Sub Downloadparamostrarproblema()
Dim IE As InternetExplorer
Dim HTMLdoc As HTMLDocument
Dim URL As String
Dim Pepe As Object
URL = "https://www.cenace.gob.mx/SIM/VISTA/REPORTES/PreEnergiaSisMEM.aspx"
Set IE = CreateObject("InternetExplorer.Application")
With IE .navigate URL
Do Until .readyState = 4: DoEvents: Loop
End With
IE.Visible = True
Set HTMLdoc = IE.document
Dim HTMLdiv As HTMLDivElement
Set HTMLdiv = HTMLdoc.getElementById("ctl00_ContentPlaceHolder1_treePrincipal")
Dim HTMLspan As HTMLSpanElement
Set HTMLspan = HTMLdiv.getElementsByTagName("span").Item(2)
HTMLspan.Click
Set Pepe = HTMLdoc.getElementById("ctl00_ContentPlaceHolder1_ListViewNodos_ctrl0_ListViewArchivosSIN_ctrl0_linkCSV")
Pepe.Click
Set HTMLdiv = Nothing
Set HTMLdoc = Nothing
Set IE = Nothing End Sub

I know that in this case I have a Href I could use to download the file, but in the web page I'm working on it has NO link, and I want to download automatically the file.

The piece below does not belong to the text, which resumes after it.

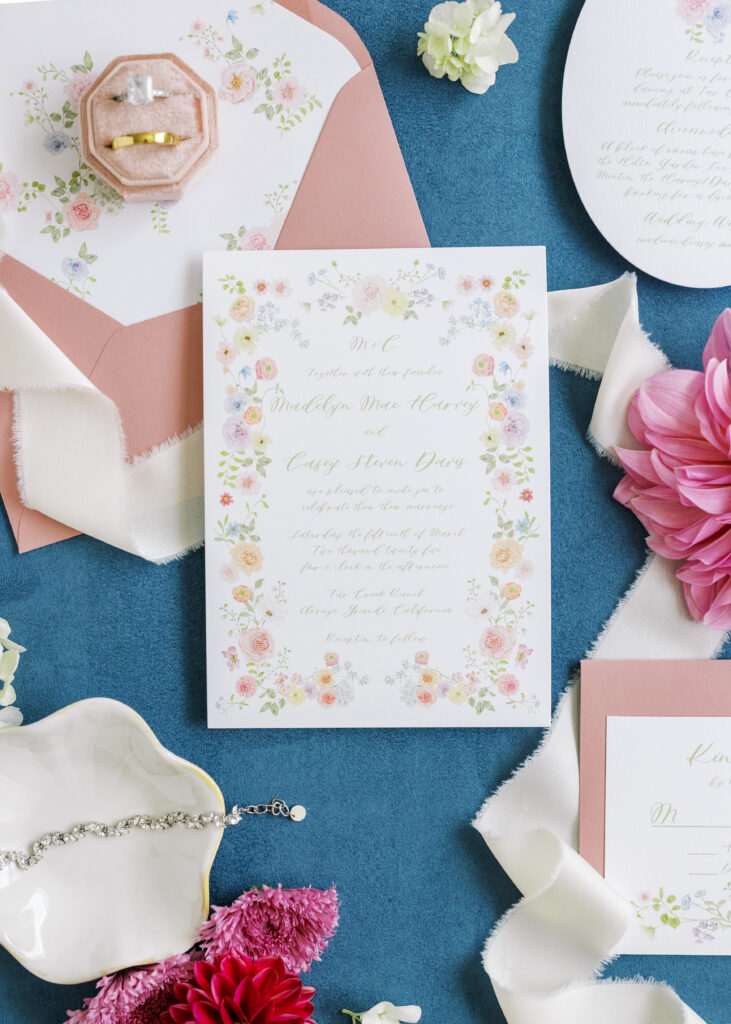 Luxury Wedding Invitation Suite Santa Barbara Wedding photographer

Any idea how to download pepe.click automatically?

Regards, Santos.

13 Dec 17 at 08:25

Hi, I have one question. Partly by using your super useful vide's I started trying extracting data from websites to excel. There is one thing though that just keeps failing. Here is an example of the code written. The line:

Debug.print Classnames.length

keeps returning 0, whatever searchtype I use, classname, tagname, id. Could you find any incorrect use of code in here?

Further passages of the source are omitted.